Mit 8 Millionen Euro werden Machbarkeitsstudien für grenzüberschreitende Mobilität gefördert. Deutschland und Frankreich wollen die grenzüberschreitende Mobilität erleichtern, indem sie die zwischen ihnen bestehenden digitalen und physischen Netze, unter anderem die Eisenbahn- und Straßenverbindungen, besser miteinander verknüpfen. Genau diese Vorgabe aus dem Vertrag wollen wir umsetzen, indem wir im ersten Schritt Studien finanzieren, die mögliche Projekte identifizieren und Vorplanungen unterstützen.

Die Mittel für das Deutsch-Französische Jugendwerk (DFJW) hat der Haushaltsausschuss um 2 Millionen Euro auf insgesamt 13,5 Millionen Euro aufgestockt. Das Jugendwerk fördert Jugendprojekte und den Jugendaustausch zwischen Deutschland und Frankreich. Auf diesem Wege sollen die Jugendlichen früh ein Verständnis für beide Länder und Kulturen bekommen, Neugier für den jeweils anderen und seine Sprache entwickeln und der Grundstein für eine weiterhin enge Beziehung beider Länder gelegt werden. Ursprünglich geht das DFJW auf den Élysée-Vertrag zurück, jetzt stärken wir die Organisation nochmals.

2,5 Millionen Euro wurden für den Deutsch-Französischen Bürgerfonds bewilligt, der ebenfalls im Aachener Vertrag enthalten ist. Über diesen Fonds wollen wir Bürgerinitiativen sowie Städtepartnerschaften fördern und unterstützen, um beide Länder und ihre Einwohner einander noch näher zu bringen.
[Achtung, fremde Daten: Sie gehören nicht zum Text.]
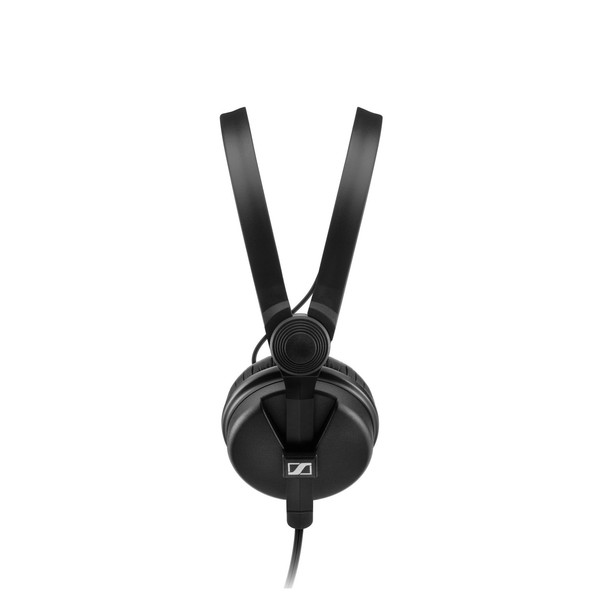 Sennheiser HD 25 Headphones, Side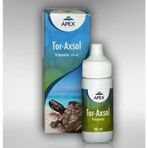 Apex Tor-Axsol Kaplumbağa Vitamini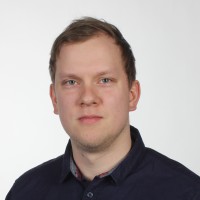 Teemu Liuksiala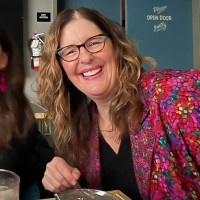 Barbara Johnck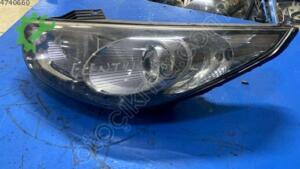 Çıkma Orijinal Sol Ön Far Hyundai Accent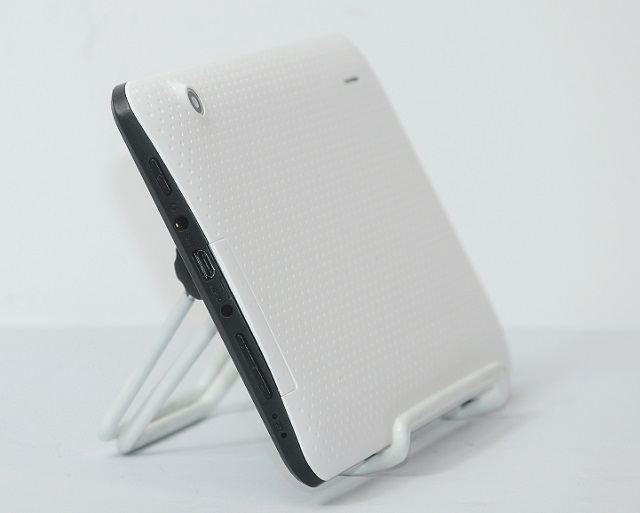 MTK8317 Netpad Ultimate F816 Android 4.1.2 GPS tablet PC phone MTK8317 Netpad Ultimate F816 Android 4.1.2 GPS tablet PC phone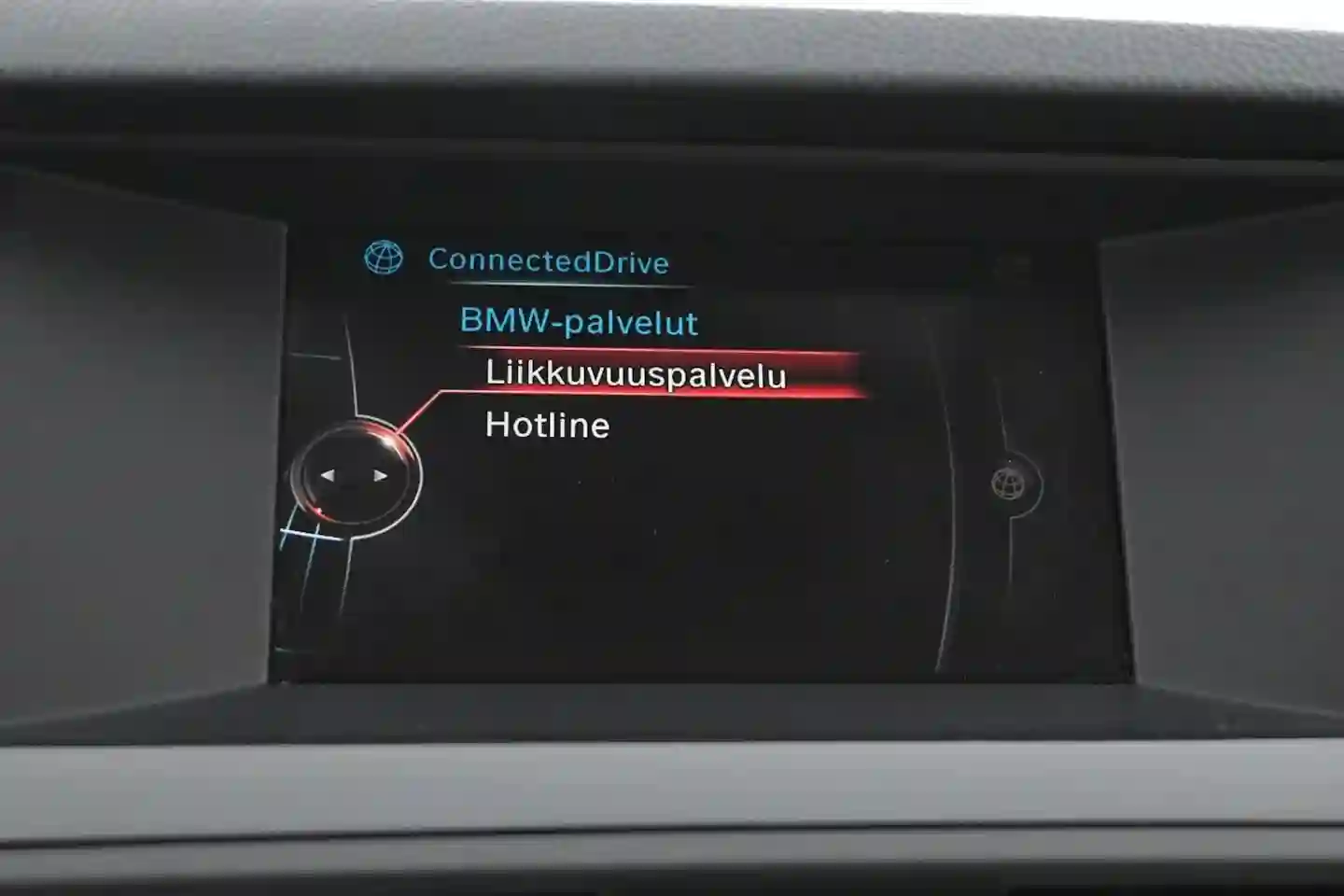 Car Image - 26Mlg1N8qDzmq2AMEK6ig8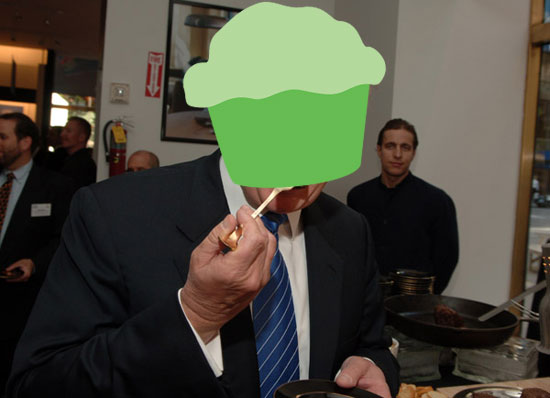 Guess Who?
3,78 Millionen Euro werden für zusätzliche Maßnahmen zur Pflege der deutsch-französischen Beziehungen im Auswärtigen Amt ausgegeben. Mit diesen Mitteln soll die deutsch-französische Zusammenarbeit gestärkt werden. Geplant sind unter anderem gemeinsame Initiativen und Projekte, die durch das Auswärtige Amt initiiert werden.